In a liquid measuring cup, combine the milk and vinegar. Let sit for at least 5 minutes, until curdled.
In a large bowl, combine the flour, cornstarch, garlic powder, onion powder, smoked paprika, and salt.
Add the almond milk mixture and chili garlic sauce and stir to combine. It will be thick.
Place the panko on a large, flat plate. You can start with about half of the panko and add the remaining as you work.
Add about a quarter of the cauliflower florets to the batter mixture and stir to coat the cauliflower. Using tongs, coat each floret in the panko and transfer to a baking sheet.
Preheat the air fryer to 400°F.
Spray the panko-coated cauliflower with cooking spray.

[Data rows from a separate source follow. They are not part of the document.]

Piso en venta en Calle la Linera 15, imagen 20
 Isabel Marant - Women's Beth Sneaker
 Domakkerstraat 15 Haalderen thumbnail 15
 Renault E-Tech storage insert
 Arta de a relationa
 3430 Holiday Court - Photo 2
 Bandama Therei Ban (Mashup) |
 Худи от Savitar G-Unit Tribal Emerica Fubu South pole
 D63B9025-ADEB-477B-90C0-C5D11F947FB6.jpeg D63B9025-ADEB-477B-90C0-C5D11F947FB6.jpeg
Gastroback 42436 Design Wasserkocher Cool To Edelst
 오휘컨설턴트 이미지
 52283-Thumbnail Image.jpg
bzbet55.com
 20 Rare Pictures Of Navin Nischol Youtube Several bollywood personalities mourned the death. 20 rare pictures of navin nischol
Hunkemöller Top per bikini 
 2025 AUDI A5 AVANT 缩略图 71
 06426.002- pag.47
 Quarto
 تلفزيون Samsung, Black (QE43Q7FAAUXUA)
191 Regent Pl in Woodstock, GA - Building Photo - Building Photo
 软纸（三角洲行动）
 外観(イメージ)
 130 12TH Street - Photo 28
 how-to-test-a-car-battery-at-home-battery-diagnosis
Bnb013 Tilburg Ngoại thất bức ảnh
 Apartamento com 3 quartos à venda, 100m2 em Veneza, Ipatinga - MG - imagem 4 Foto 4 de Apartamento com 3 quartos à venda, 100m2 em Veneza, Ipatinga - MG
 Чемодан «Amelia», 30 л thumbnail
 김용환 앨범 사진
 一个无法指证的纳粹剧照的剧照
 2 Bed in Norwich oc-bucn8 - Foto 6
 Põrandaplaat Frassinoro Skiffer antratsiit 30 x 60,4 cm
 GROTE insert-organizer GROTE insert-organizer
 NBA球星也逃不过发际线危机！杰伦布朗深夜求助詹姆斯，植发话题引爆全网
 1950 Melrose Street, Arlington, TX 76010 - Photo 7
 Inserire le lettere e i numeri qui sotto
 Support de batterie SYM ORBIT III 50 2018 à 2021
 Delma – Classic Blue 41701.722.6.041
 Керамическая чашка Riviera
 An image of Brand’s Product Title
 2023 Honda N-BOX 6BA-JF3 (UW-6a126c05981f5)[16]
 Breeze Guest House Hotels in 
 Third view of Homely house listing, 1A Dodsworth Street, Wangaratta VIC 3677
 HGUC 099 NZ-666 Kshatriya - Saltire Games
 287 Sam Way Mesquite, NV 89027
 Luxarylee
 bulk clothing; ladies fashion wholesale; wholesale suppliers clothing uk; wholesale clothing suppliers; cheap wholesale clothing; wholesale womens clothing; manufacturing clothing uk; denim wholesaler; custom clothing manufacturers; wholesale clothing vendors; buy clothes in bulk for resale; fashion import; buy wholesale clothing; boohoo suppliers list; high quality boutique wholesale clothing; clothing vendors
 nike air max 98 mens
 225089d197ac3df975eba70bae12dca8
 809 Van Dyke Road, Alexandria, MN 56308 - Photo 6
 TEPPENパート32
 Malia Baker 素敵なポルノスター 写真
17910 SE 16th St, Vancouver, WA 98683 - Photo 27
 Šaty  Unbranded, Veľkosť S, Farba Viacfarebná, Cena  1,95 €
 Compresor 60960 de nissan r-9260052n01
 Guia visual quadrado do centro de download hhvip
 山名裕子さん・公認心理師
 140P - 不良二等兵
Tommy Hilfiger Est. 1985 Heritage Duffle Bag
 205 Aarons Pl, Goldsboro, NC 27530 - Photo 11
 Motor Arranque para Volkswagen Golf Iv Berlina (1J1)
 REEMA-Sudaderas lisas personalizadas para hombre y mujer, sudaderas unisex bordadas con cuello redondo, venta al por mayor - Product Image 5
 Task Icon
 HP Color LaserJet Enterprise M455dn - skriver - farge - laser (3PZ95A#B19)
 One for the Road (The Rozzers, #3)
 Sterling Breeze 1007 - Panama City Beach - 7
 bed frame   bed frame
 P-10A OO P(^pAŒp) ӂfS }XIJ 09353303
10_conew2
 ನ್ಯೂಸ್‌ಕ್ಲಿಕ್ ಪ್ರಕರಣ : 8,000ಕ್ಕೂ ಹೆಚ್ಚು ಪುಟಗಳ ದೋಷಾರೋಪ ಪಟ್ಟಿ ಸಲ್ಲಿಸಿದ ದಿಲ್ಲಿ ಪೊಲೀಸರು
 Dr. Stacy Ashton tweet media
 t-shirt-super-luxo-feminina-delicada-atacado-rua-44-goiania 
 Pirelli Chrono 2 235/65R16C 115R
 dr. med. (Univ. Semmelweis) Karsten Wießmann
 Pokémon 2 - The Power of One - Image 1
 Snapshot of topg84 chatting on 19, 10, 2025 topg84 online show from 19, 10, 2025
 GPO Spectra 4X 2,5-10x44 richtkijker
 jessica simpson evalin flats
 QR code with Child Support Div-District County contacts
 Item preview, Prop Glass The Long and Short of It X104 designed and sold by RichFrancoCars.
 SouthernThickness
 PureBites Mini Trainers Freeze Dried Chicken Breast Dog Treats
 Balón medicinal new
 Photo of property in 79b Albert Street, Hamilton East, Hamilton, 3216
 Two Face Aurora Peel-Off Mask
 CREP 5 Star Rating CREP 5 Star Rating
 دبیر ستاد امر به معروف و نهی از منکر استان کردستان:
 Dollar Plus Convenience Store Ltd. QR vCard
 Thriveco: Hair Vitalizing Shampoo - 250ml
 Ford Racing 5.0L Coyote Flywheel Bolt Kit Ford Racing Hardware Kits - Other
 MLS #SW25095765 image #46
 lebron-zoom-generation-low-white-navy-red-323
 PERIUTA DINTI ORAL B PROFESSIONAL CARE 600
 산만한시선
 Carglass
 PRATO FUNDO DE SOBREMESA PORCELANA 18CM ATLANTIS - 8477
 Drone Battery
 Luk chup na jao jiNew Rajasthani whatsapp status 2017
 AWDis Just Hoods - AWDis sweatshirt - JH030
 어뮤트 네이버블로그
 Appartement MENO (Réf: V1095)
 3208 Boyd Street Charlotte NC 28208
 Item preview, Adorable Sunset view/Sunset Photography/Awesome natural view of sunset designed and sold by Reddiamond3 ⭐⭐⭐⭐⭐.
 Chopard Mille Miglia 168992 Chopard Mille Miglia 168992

Add cauliflower to the air fryer basket in an even layer, working in batches to avoid crowding the basket. Air fry for 10 minutes, until crispy, turning the cauliflower after 5 minutes.
While this batch cooks, continue battering and breading the remaining cauliflower.
Whisk together the glaze ingredients in a large bowl.
Transfer cooked cauliflower to the bowl with the glaze. Toss to coat evenly. Return cauliflower to the air fryer and cook for 5 more minutes. Repeat with remaining cauliflower and glaze.
Notes
If you can't find gluten-free panko breadcrumbs, finely crush some rice crispy cereal or corn flakes and use in place of the panko breadcrumbs.
For the oven: Bake breaded cauliflower on a wire rack set over a baking sheet at 400 for 15 minutes. Toss with the glaze, and bake another 5 minutes, until dry.
Store in an airtight container in the fridge for up to 5 days, or in the freezer for up to 3 months. Reheat in a 350F air fryer or oven.